Task requirements:
When you reach a picture, pass over it; otherwise repeat the listing word for word.

(Dataset extract begins)

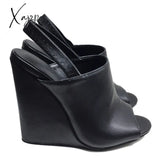 Xajzpa - Summer Women’s Shoes Peep Toe High Heels Wedge Sandals Slingback Ladies Daily Comfort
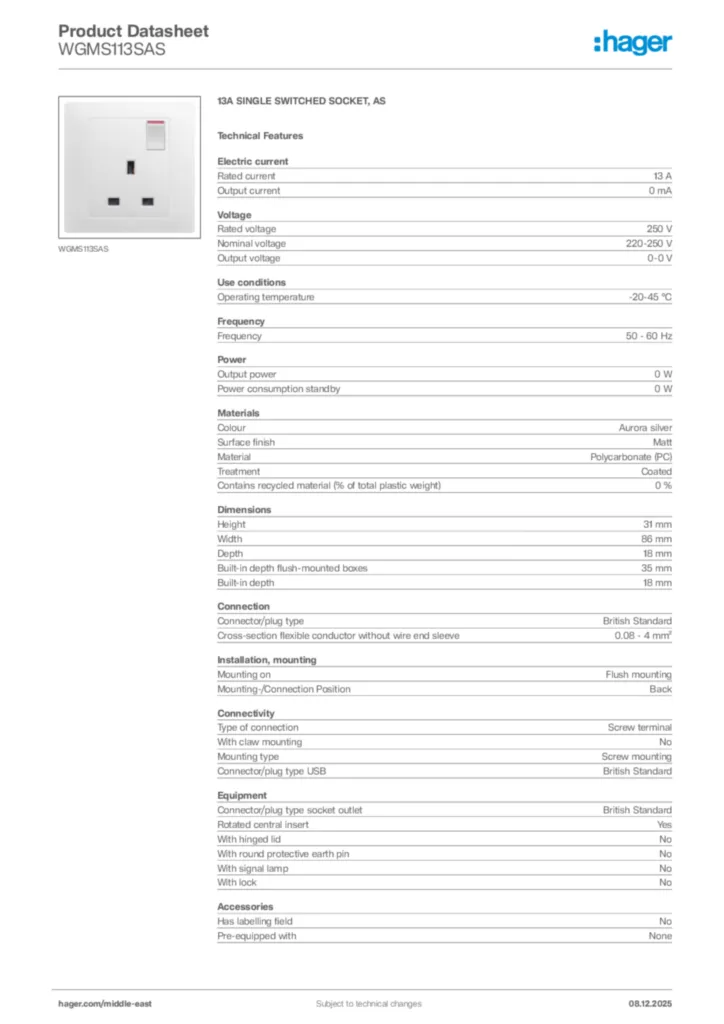 Image Hager Product data sheet WGMS113SAS  | Hager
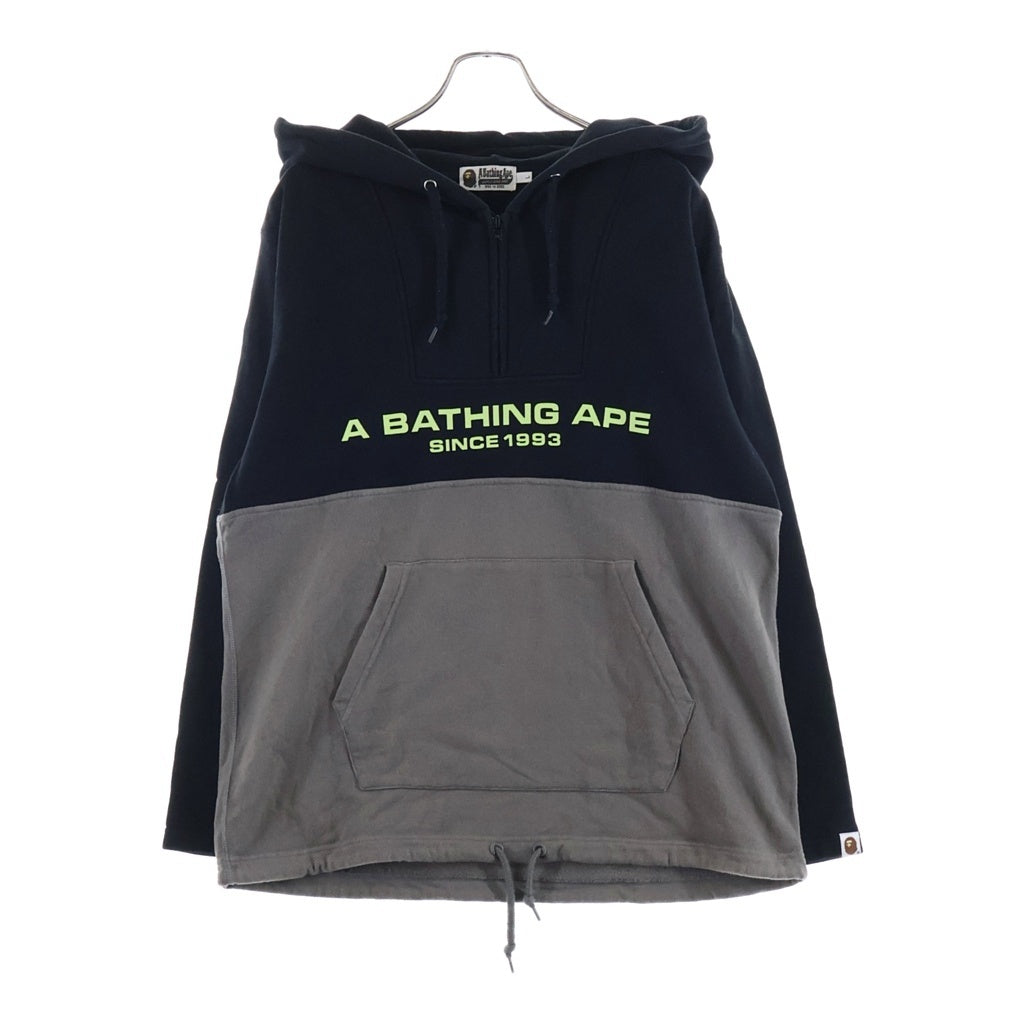 A BATHING APE(アベイシングエイプ) HALF ZIP WIDE PULLOVER HOODIE ハーフジップ ワイドプルオーバーフーディー パーカー ブラック/グレー 001PPF301007X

(Dataset extract ends)

Solution to the problem:
 Xajzpa - Summer Women’s Shoes Peep Toe High Heels Wedge Sandals Slingback Ladies Daily Comfort
 Image Hager Product data sheet WGMS113SAS  | Hager
 A BATHING APE(アベイシングエイプ) HALF ZIP WIDE PULLOVER HOODIE ハーフジップ ワイドプルオーバーフーディー パーカー ブラック/グレー 001PPF301007X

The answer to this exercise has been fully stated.